Camisards were Huguenots (French Protestants) of the rugged and isolated Cévennes region, and the Vaunage in southern France. They raised an insurrection against the persecutions which followed the Revocation of the Edict of Nantes in 1685, which had made being Protestant illegal. The Camisards operated throughout the mainly protestant Cévennes region which in the eighteenth century also included the Vaunage and the parts of the Camargue around Aigues Mortes. The revolt by the Camisards broke out in 1702, with the worst of the fighting continuing until 1704, then scattered fighting until 1710 and a final peace by 1715. The Edict of Tolerance was not finally signed until 1787.

Etymology

The name camisard in the Occitan language can attributed to a type of linen smock or shirt known as a camisa (chemise) that peasants wear in lieu of any sort of uniform. Alternatively, it can derive from the Occitan word camus, meaning paths (chemins). Camisada, in the sense of "night attack", is derived from a feature of their tactics.[1]

History

Areas controlled and contested by Huguenots are marked purple and livid on this map of modern France.

In April 1598, Henry IV had signed the Edict of Nantes and the religious wars that had ravaged France ended. Protestants had been given limited civic rights and the liberty to worship according to their convictions. This "fundamental and irrevocable law" was maintained by Henry's son, Louis XIII. In October 1685, Henry's grandson, Louis XIV (The Sun king), revoked the Edict of Nantes, issuing his own Edict of Fontainebleau. Louis was determined to impose a single religion on France: that of Rome. As early as 1681 he instituted the dragonnades which were conversions enforced by dragoons, labelled "missionaries in boots". They were billeted in the homes of Protestants to help them decide to convert back to the official church or alternatively to emigrate. The Cévennes was a centre of resistance, and the policy did not work.[2]

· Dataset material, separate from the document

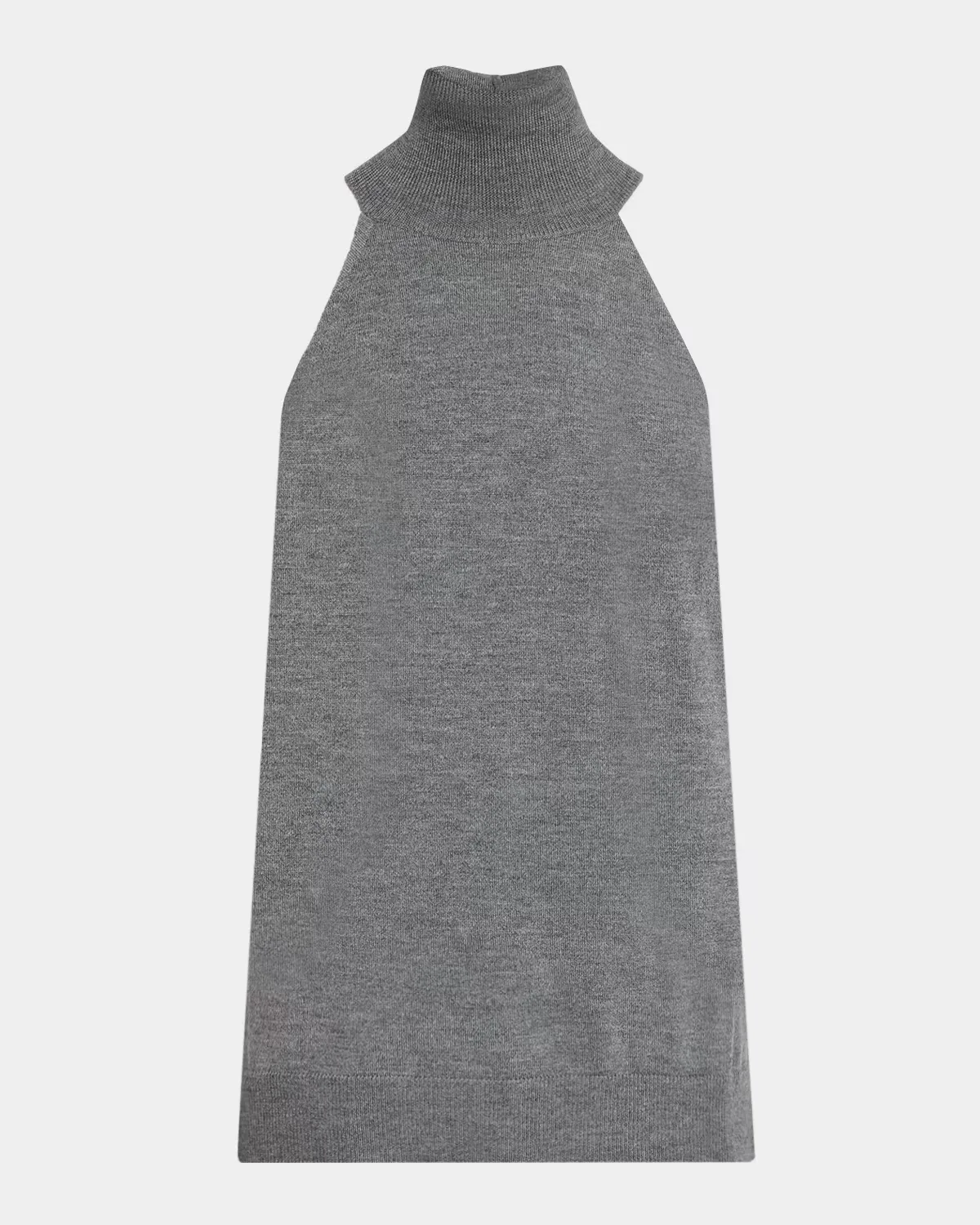 Devon Sleeveless Wool Knit Turtleneck Top by FForme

The Edict of Fontainebleau removed all rights and protections from the Huguenots. There followed about twenty years of persecutions. Reformed worship and private Bible readings were outlawed. Within weeks of the new edict over 2000 protestant churches were fired, under the direction of Nicholas Lamoignon de Basville, the royal administrator of Languedoc, and entire villages were massacred and burnt to the ground in a series of stunning atrocities. The pastors and worshippers were captured and later exiled, sent to the galleys, tortured or killed. Seventy-five missionary priests under the command of Abbot François Langlade were sent to the Cévennes. Soldiers carrying crosses on their muskets forced the peasants to sign papers to say they were converting, and forced them to attend mass. The peasants continued to attend illicit meeting. Huguenots with a trade, fled to neighbouring countries. The King responded by closing the borders.[2]

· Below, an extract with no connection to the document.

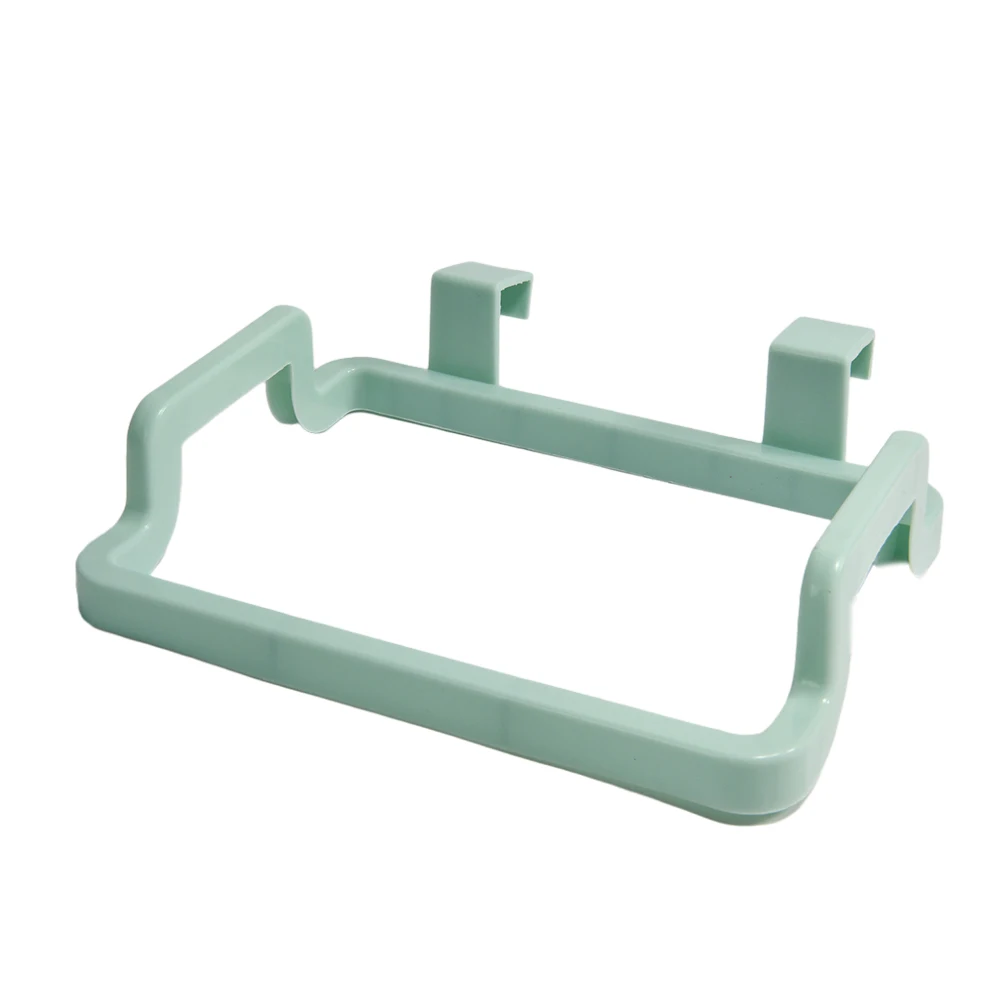 Hanging Garbage Bag Rack Storage Rack Portable Cabinet Kitchen Gadgets 1 Pc garbage rack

The protestant peasants of the Vaunage and the Cevennes, led by a number of teachers known as "prophets", notably Franćois Vivent and Claude Brousson, resisted. Vivent encouraged his follower to arm themselves in case they were set upon by Royalist soldiers. Several leading prophets were tortured and executed, Franćois Vivent in 1692 and Claude Brousson in 1698. Many more were exiled, leaving the abandoned congregations to the leadership of less educated and more mystically-oriented preachers, such as the wool-comber Abraham Mazel. The Catholic church was likened to the Beast of the Apocalyse and the clandestine prophets claimed to have seen it in the prophetic dreams. Mazet, in a dream, saw black oxen in his garden and heard a voice telling him to chase them away. From 1700 the clandestine prophets and their armed followers were hidden in houses and caves in the mountains. [2] [3]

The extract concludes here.